Usually mesodermal in origin; peripheral nerves derive from neuroectoderm

 

Soft tissue tumors - approach to diagnosis

top

Modified from Sternberg

1) Is lesion reactive or neoplastic?

2) Is lesion malignant? (necrosis favors malignancy)

3) Is malignant lesion a sarcoma? (may be melanoma, carcinoma, lymphoma)

4) What type of differentiation is present? - assign to phenotypic category or classify as round cell, spindle cell, epithelioid, other

 

Sarcomas - general

top

7,000/year in US

Classified based on type of cellular differentiation, although most arise not from differentiated cells, but from multipotent mesenchymal cells that then differentiate along various cell lines

Diagnostic errors are often due to lack of familiarity with rare lesions, not failure to perform immunostains (AJCP 2001;116:473)

WHO classification: last revised in 2002 - Histopathology 2006;48:3, classification

Recommended to diagnose with FNA or incisional biopsy so appropriate treatment can be determined in advance

Congenital soft tissue tumors, even with high grade features, rarely have malignant behavior

Nodal involvement uncommon

Local recurrences show increased number of genetic changes, including loss at 9p, gains at 5p and 20q (Mod Path 2001;14:978)

Usually arise de novo, not from benign tumors (MPNST may be an exception); do not appear to arise from trauma

May be caused by radiation therapy (MFH, extraskeletal osteosarcoma) or foreign bodies (MFH, angiosarcoma)

Poor prognostic factors: large size, deep seated versus superficial, retroperitoneum versus extremities, high grade, high stage, positive margins (associated with local recurrence)
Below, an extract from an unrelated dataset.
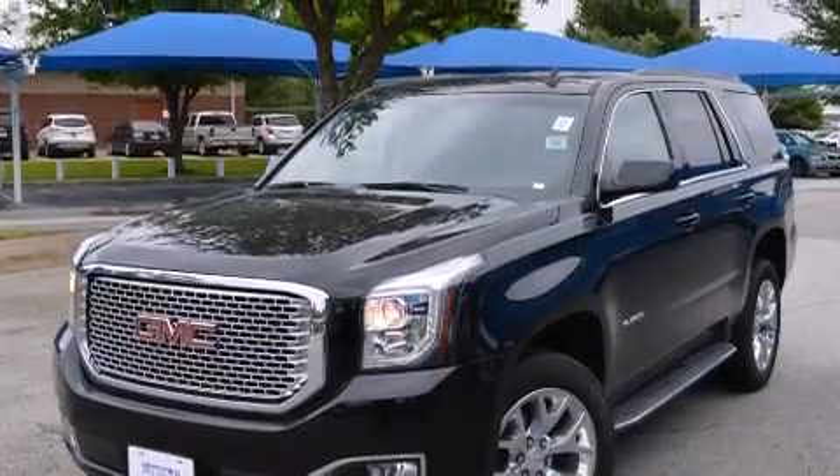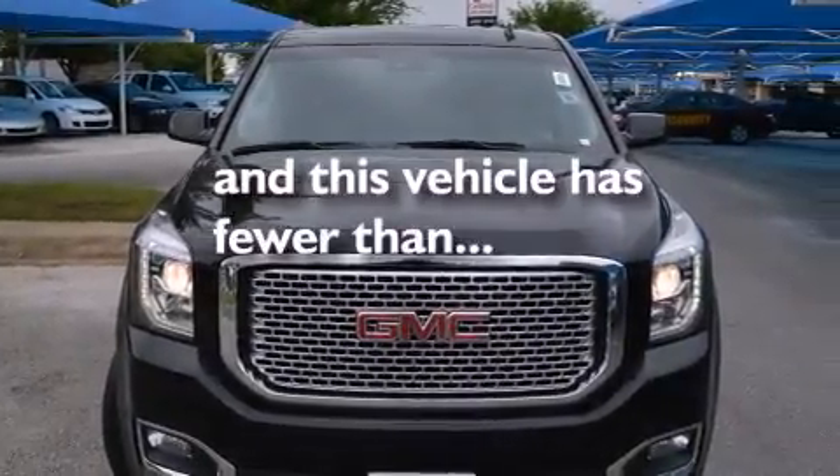Also included are side impact airbags, full power accessories, a home link feature, a rear window defroster, and this vehicle has fewer than 36,000 miles on the odometer.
Treatment: enucleation acceptable only for schwannomas; for other small tumors, must excise with 1-2 cm rim of normal tissue; surgery should also remove site of prior FNA or incision

Wide local excision for infiltrative lesions (fibromatosis, DFSP); amputation is less commonly performed now than in the past

Radiation and chemotherapy may also be used

Surgical resection of pulmonary metastases often has value

Fine needle aspiration: most specimens are recognized as sarcoma, and subtyping is most accurate in bone sarcomas and pediatric sarcomas; subtyping is often not possible in adult specimens, but this usually does not affect initial therapy (AJCP 2001;115:59)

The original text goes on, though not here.